You’ve come all this way and made it to the end. Paranoy #17, fall 1997. Cover by Mat Tusing. As your reward for reading posts about the previous 16 zines you get to… see nothing from this one. Really. This issue was pretty much just filled with love letters to my friends. And while I still hold those people dear to me, and while reading the memories from our teen years was fun, these letters aren’t something I want to display here. They’re from another time, from Past Amanda. That doesn’t devalue them to Present Amanda, but they’re just not for public consumption. Not now.
I can tell you some things. In Christina’s letter, I reminisce about playing Island of the Blue Dolphins at her grandparents’ cabin (um, as teenagers). In Eric’s, I remember mix tapes, and long letters sent while on tour, and sleepovers. In Jenny’s, I’m adoring her silliness, her southern accent, and her desire to crush anyone who hurts me. There’s Jake, and how I slept at his house more than mine for a while, and his sweet mother always asking me when I’d be home, meaning back to their house, again.

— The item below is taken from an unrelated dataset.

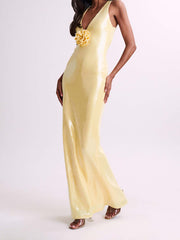 Floral Sequin Strapless Evening Gown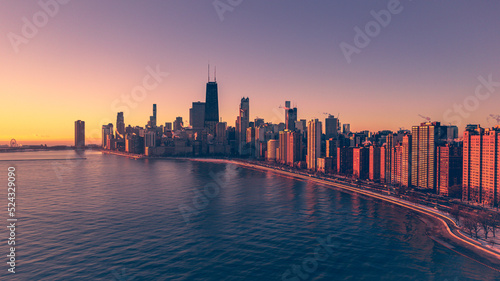 View of Chicago skyline at sunrise. © Chansak Joe A.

I write about Amber, and our summer trip to Brainerd , the Omega, star pennies, and Perkins. Phoebe, with Women’s Studies, the Orpheum, purple hair, coffee, and our journals. I write about Sara, and our mutual loathing of most of humanity. Andy, and the instapunks, making tapes of his band, and summer movie marathons. These were people from my teenage years, but they’re still people who are important to me. There’s something to be said about friendships forged during this time. For as little as I liked being a teenager, or high school, or people, I loved my friends.

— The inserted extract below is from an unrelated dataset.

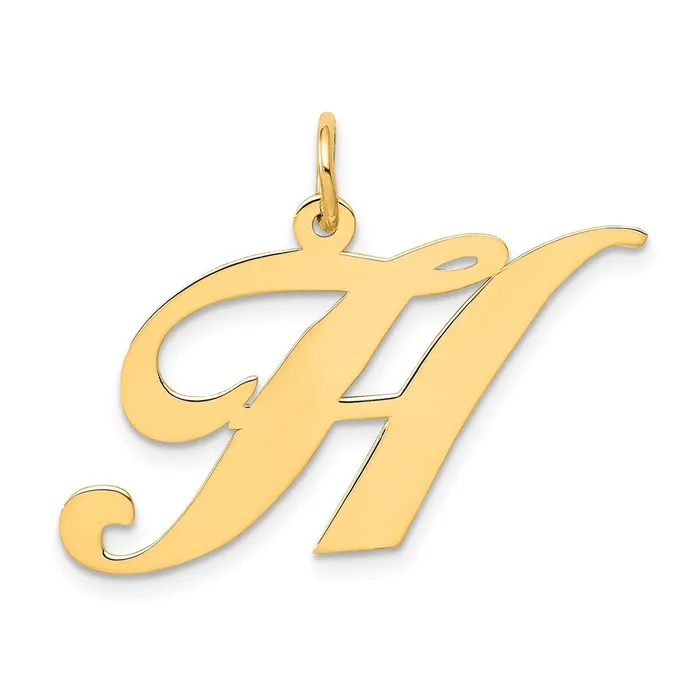 Charm Necklaces TreasureFineJewelers 10k Yellow Gold Large Fancy Script Letter H Initial Charm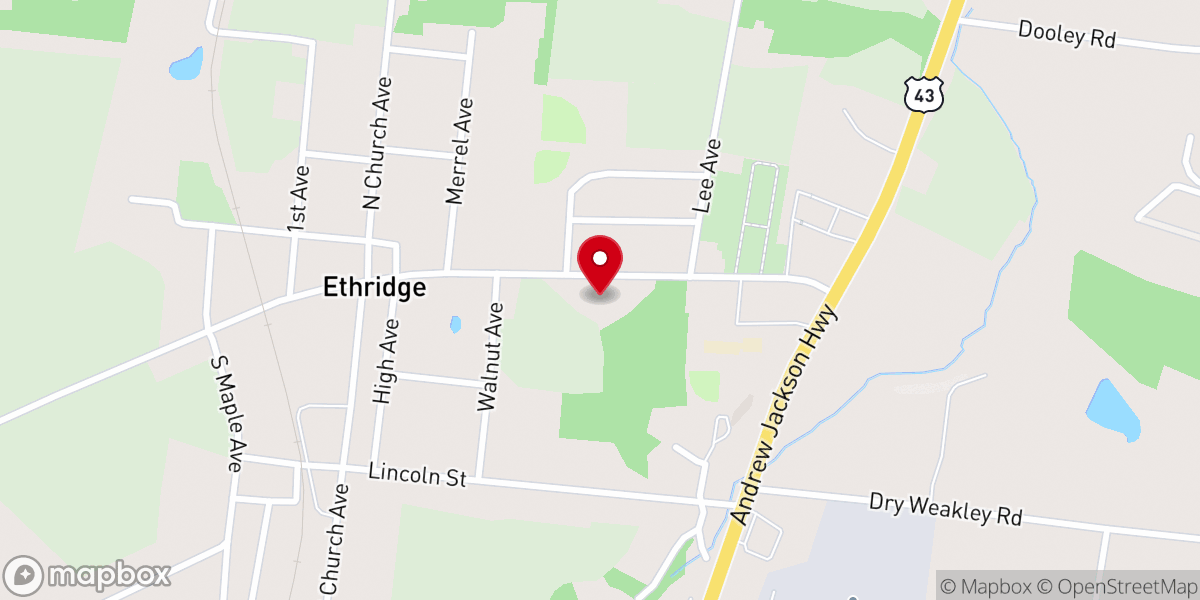 Map showing location of Ethridge Methodist Church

The last thing in the last issue of my zine was this quote:
“I tend to think things through and try not to say too much. But here I am, saying perhaps too much. But there are these feelings inside me which need badly to escape, I guess. And this makes me feel relieved, because one of my big concerns these past few years is that I’ve been losing my ability to feel things with the same intensity–the way I felt when I was younger.”

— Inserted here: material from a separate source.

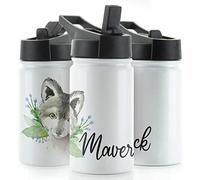 Hairyworm Personalised Water Bottle, 350ml White Sports Flask with Straw Cap Flip Lid, Stainless Steel, Customised with Initial/Name, Grey Wolf Blue Flowers Design Print
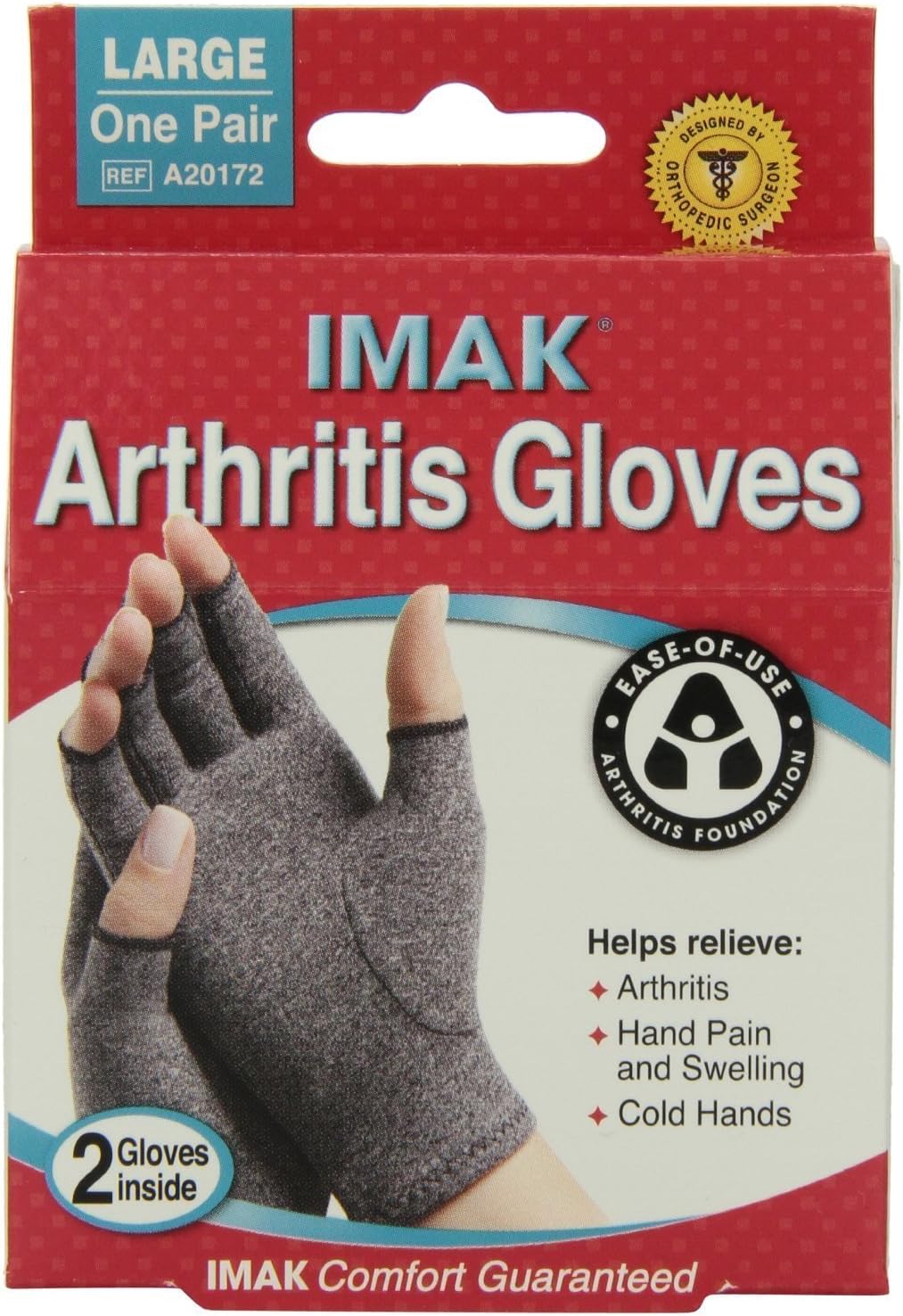 IMAK Arthritis Gloves Large Relieve Aches, Pains and Stiffness with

–Douglas Coupland, Life After God
This still resonates with me. Sitting here now, at 36, and having this sort of bizarre archive of my teenage years, being able to access so much of my past self, the thing that strikes me–more than the angst, more than the shitty poetry, more than the ranting–is the intensity. I was intense. I loved things intensely; I hated things intensely; I had big feelings about lots of things and no hesitation in giving myself over to those things and spilling my guts about them on paper.
Making a zine was the best thing teenage me could have done. It pulled me out of my tiny town and showed me a whole world of interesting people and possibilities, a world of other kids sitting in their rooms creating zines, trading ideas, searching for connections and outlets.
After high school, I got a letter one day from an author who was writing a young adult novel where the main characters wrote zines. This author had read my zine and wondered if I’d tell her a little bit more about it–how I started, why I wrote, stuff like that. I wrote her a few letters, sent her a few more zines. That author? Ellen Wittlinger. The book? Hard Love.
The pre-zine-making Amanda could not even conceive of the world that I eventually found and called home. A world where I could turn the endless scribbling in my notebooks into things other people would read, where I’d make friends with other kids doing the same thing, where I’d feel less on the fringes and more in the middle of something–the middle of something that mattered. Where I’d feel inspired and excited, where I’d meet people I’m still in touch with today, where I’d feel less alone in my angsty alienation–like maybe we were all just angsty and alienated. I wrote like it was the only thing that was keeping me sane, like it was something I had to do, like it was keeping me alive. And some days, I don’t think it’s an exaggeration when I look back at that time and think, yeah, making a zine really was what kept me going, what both led me to my self and saved me from myself. Pretty good for a bunch of photocopied and stapled pages.